There was a sudden knock on the door of the cabin, and Lizzie stood before us. She gave a little curtsy. “Please to tell you, Mr. Shelley, that my mistress is a deal better and craves a little bit of your company.”

“I shall be there, Lizzie, before you are gone.” He gave me a hasty adieu, and retired.

Fred and I sat in silence, Fred whistling as he looked out of the porthole. “Do refrain from that noise, Fred. It is giving me a headache.”

“There goes that whale again.”

“Are you sure? I am not convinced that whales frequent these waters.”

“Where there is water, sir, there is a whale. Look.”

I went over to the porthole. “I can see nothing, Fred. You are dreaming. Will you please seek out the captain, and ask him how much longer we will be at sea?”

“He is an old cuffin,” Fred said on his return from the captain’s quarters. “A matter of hours, he says. How many hours, I says. Am I God, he says. Far from it, I says. Then he slams his door shut.”

It was indeed a matter of hours-hours more than I had anticipated, since for a while we lay becalmed in the wallowing sea. Eventually Bysshe came into the cabin. “We are approaching land,” he said. “The seamen are scampering about.”

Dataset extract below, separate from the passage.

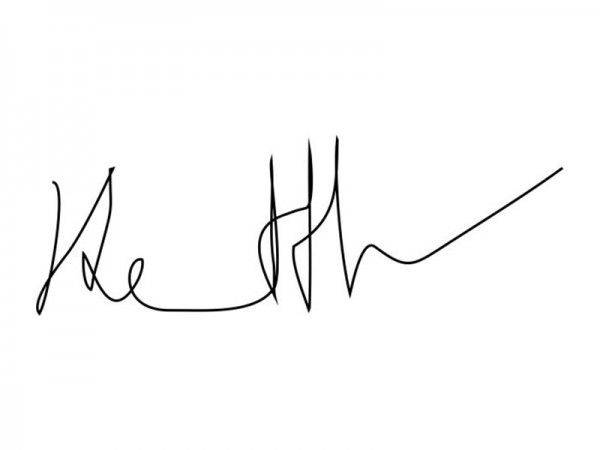 Unterschriftstempel modico 4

There was in fact some delay, and our ship was becalmed just before we reached the harbour; but a sudden gust was admirably caught by the captain, and we reached our moorings. There was a line of various coaches and carriages along the dockside, some already taken and some waiting to be hired. Mary, with what I soon discovered to be her usual expedition, went up to one of the drivers and engaged in some form of bargain: we had agreed to hire a carriage to take us through Holland and part of Germany, even though Bysshe had expressed a desire to travel through France and Italy. Yet his wish was quite ignored by Mary, and it was agreed with the driver that we would ride through the plains of Holland before going onward to Cologne. “I have heard from others of ruined France,” Mary said as we settled in the carriage. “The Cossacks have spared nothing. The villages are burned, and the people beg for bread. The auberges are filthy, too. There is disease everywhere. Really, Bysshe, France is not the country of your imagination.”

“No country ever can be,” he replied. “But I live in infinite hope.”